Le Dim. Fév. 22 10:04:52 2009, NKH a écrit :
Show quoted text> Removing document when the 'positions' argument is 0 and you don't have
> the original document keeps references to the document in the index
> database. If you add a document and then remove it, a search would still
> return the removed document id. This is very wrong as the engine should
> also remove the document id from the index or provide a garbage
> collection function.
>
> This means the following problems:
> - One must use unique ids
> - One must check the documents ids returned by a search
The doc says that "when removing a document, and when the index was
created without word positions, then the text representation of the
document must be given as second argument and must be the same as the
one that was supplied when calling the add() method".
So if this API is not respected, the index database indeed gets
corrupted; but this is not a bug, it's just that the method was called
with improper arguments, so I'm rejecting the ticket.

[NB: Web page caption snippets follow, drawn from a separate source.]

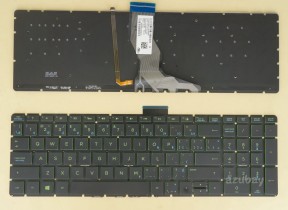 Canadian CA CF EF Keyboard for HP 9Z.NE1BQ.H2M NSK-XDHBQ AEG75AX1110, Green Backlight, Black No Frame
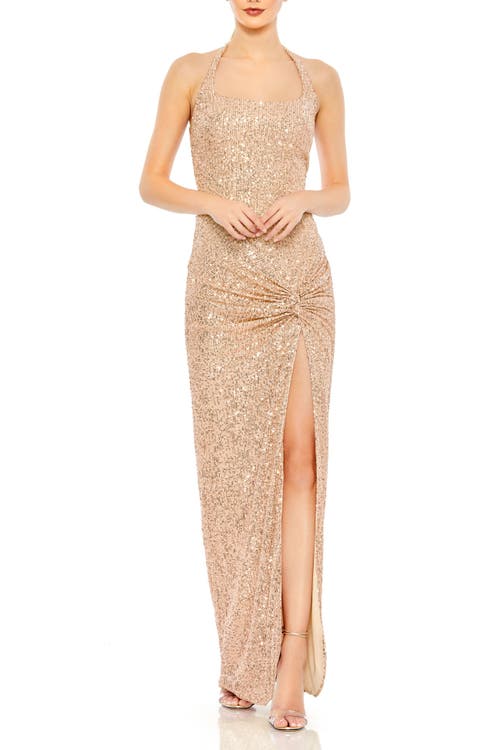 Mac Duggal Sequined Halter Strap Low Side Knot Gown In Rose Gold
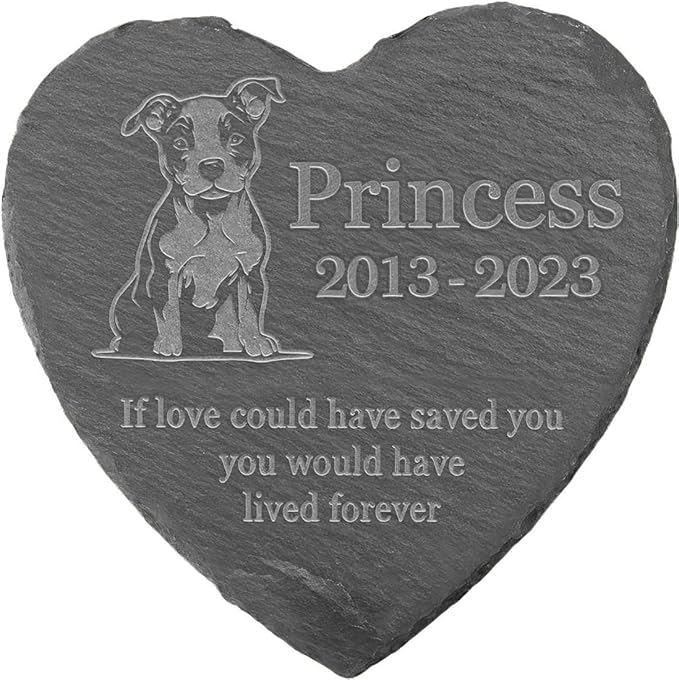 Personalized Dog Memorial Stone Pet Memorial Gifts for Loss of Dog Engraved Heart Plaque Garden Grave Decors for Cemetery Pet Loss Gifts with Stand (Memory of Pit Bull)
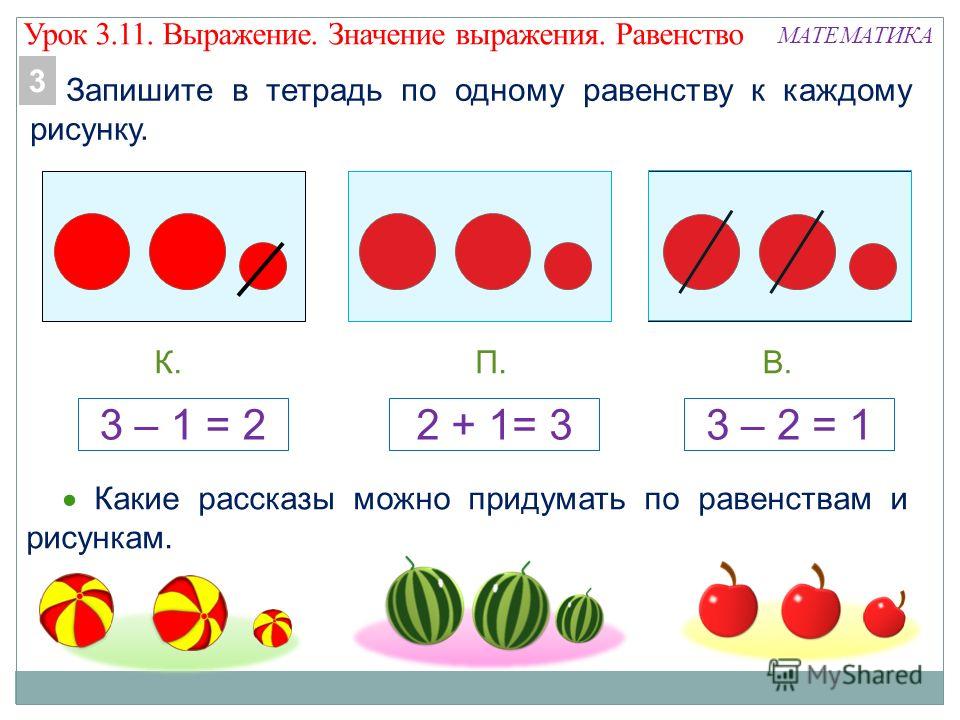 Конспект урока математики 3 3. Составление выражения по рисункам. Запиши равенство. Записать равенство 1 класс. Равенство по рисунку.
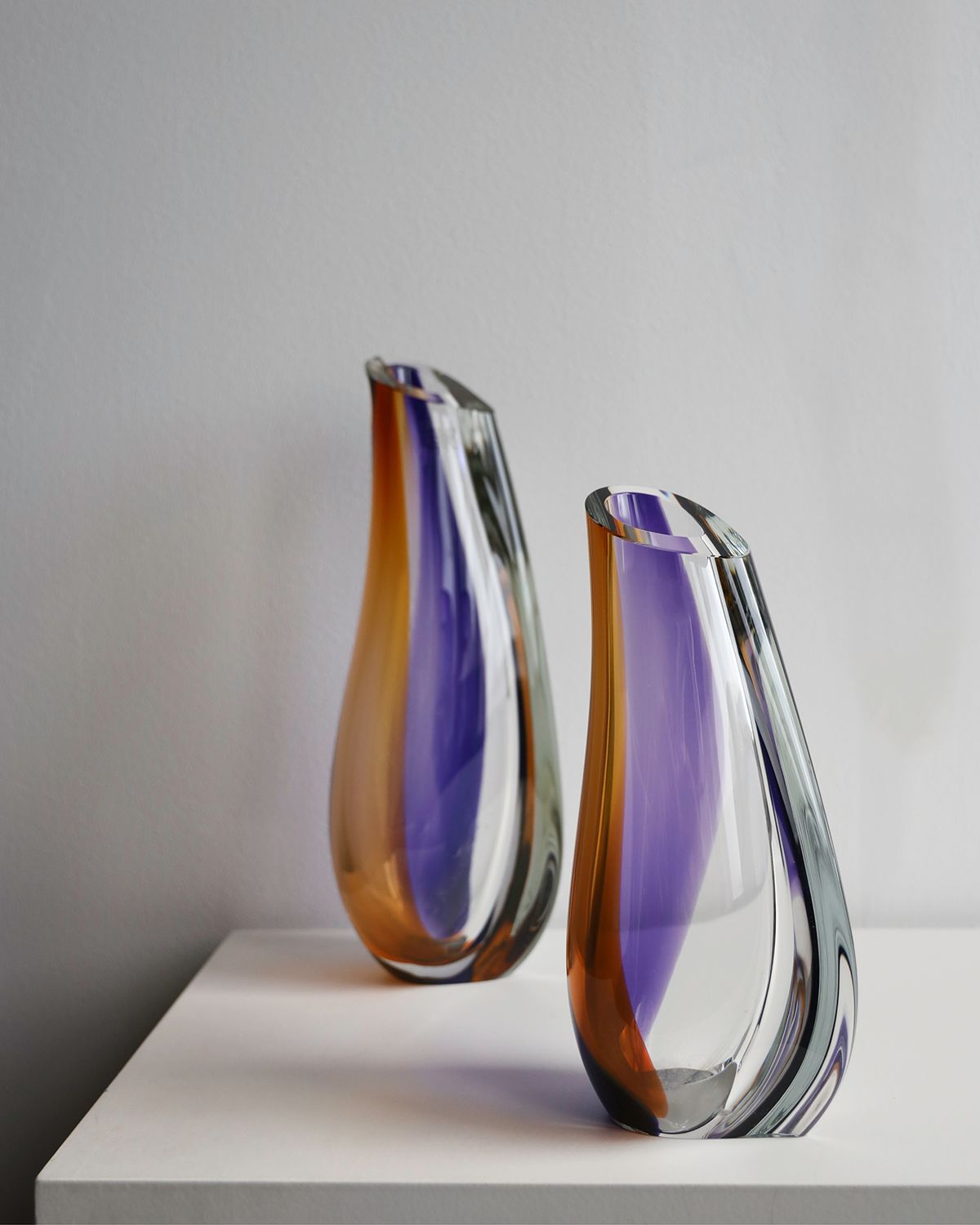 Kosta Boda Orchid Low Vase, 12"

An index created with option {positions=>0} just keeps a collection of
inverted lists $word_id => [$doc1, $doc2, ...], with one entry for each
word. This is optimized for providing fulltext search functionality at a
minimal cost in terms of storage; so if you know a word id, you can
retrieve which documents contain that word; but if you know a doc id,
there is no direct way to retrieve which words are in that document
(that would require walking through the entire index, which would be
much too slow).
An index created with option {positions=>1} has a more complex
datastructure, with enough information to retrieve which words belong to
a given document; but the cost is much more disk space and indexing time
... there is no free lunch !